Recorded data
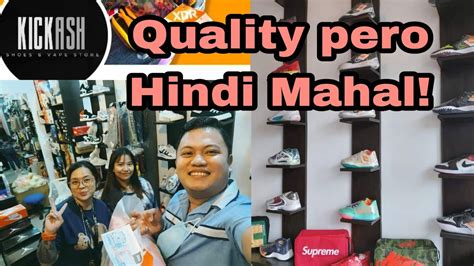 Murang Bilihan Ng Sapatos Sa Lucena City 350 Pesos Lang YouTube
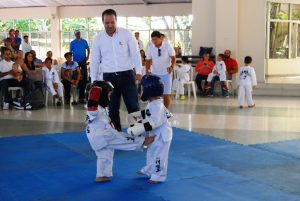 Santiago Country Club gana torneo taekwondo Santiago Country Club gana torneo taekwondo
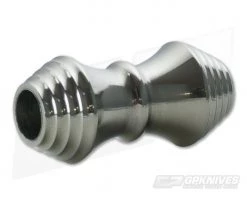 Hinderer Summit Series South Sister Stainless Steel Bead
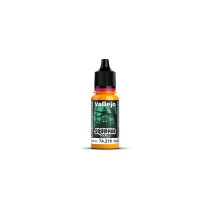 Vallejo - color - Squidmar Color 210 - Goldcoin Yellow 18 ml-74210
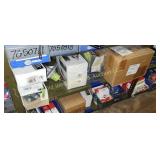 Shelf of Snapper Parts (#SN20)
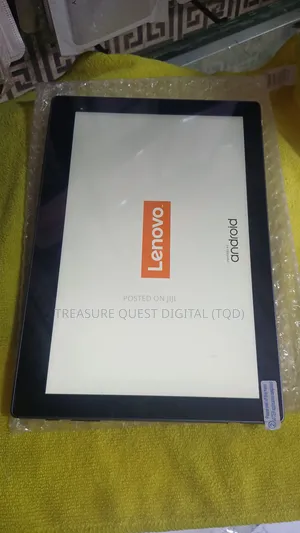Lenovo Tab TB311FU 64 GB Black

### About this task
Find the line containing "Santiago Country Club gana torneo taekwondo Santiago" in the records above and restate it, and each line after it through the end, word for word, dropping the pictures.

### Your solution
 Santiago Country Club gana torneo taekwondo Santiago Country Club gana torneo taekwondo
 Hinderer Summit Series South Sister Stainless Steel Bead
 Vallejo - color - Squidmar Color 210 - Goldcoin Yellow 18 ml-74210
 Shelf of Snapper Parts (#SN20)
Lenovo Tab TB311FU 64 GB Black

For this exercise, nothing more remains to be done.